Ishwar Chandra Vidyasagar was a powerful voice against oppression of women in 19th century Bengal
As revered as Swami Vivekananda by Bengalis, Ishwar Chandra Vidyasagar is the 19th century polymath reformer who modernised and simplified the Bengali alphabet and propagated widow remarriage.
The widespread reaction to the vandalism of his statue in Kolkata on Tuesday is a reflection of the immense passion he evokes across the state.
The first book a Bengali child is handed is Vidyasagar’s “Barna Parichay” (Introduction to Bengali letters). This is followed by a text written by Rabindranath Tagore, “Sahaj Path”.
According to legend, Vidyasagar learnt English numerals by observing milestones by the side of the road on a journey to Calcutta (now Kolkata) along with his father from his native Midnapore for higher studies.

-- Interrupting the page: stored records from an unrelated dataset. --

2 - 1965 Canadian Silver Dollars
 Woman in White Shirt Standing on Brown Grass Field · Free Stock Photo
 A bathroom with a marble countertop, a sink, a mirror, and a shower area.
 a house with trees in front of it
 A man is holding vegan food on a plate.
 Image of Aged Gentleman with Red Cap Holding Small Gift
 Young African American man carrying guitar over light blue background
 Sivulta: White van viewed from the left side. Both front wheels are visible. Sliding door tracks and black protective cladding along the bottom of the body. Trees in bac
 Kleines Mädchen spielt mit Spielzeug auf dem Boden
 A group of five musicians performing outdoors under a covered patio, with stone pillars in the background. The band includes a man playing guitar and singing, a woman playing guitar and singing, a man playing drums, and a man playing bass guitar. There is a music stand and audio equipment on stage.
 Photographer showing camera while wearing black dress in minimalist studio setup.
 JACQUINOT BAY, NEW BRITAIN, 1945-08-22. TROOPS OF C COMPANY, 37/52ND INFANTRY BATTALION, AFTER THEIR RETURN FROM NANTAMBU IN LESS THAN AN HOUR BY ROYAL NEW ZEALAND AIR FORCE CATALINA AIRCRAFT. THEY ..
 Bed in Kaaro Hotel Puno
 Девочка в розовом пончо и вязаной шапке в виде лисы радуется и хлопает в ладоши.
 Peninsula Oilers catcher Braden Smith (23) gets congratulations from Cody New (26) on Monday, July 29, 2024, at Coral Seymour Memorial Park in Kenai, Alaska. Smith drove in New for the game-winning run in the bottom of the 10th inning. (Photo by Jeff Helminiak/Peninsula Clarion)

Born as Ishwarchandra Bandyopadhyay in 1820, he earned the title “vidyasagar” — the “ocean of knowledge” for a good reason. He brought the magic of William Shakespeare alive in Bengali by translating a number of the bard’s dramas as well as a number of Sanskrit classics.
He simplified Bengali typography and interpreted complex notions of Sanskrit grammar in easy legible Bengali language.
Besides his work in the field of education, he was a powerful voice against oppression of women in 19th century Bengal.
Vidyasagar opened a school for women and was instrumental in bringing the Hindu Widows’ Remarriage Act in 1856, for which he endured the wrath of conservative Hindus. He changed the rules of admission in Sanskrit College, where he taught, to allow non-Brahmin students study there.
Across India, he is known as a leading social reformer of the 19th century. In the forefront of Bengali Renaissance along with Ram Mohan Roy and others, he helped shape the modern Bengali, and in an extension, the Indian society.
He was also known for his kind-hearted nature and helped revered Bengali poet Michael Madhusudan Dutta to relocate from France to England and study for the bar and later his return to India.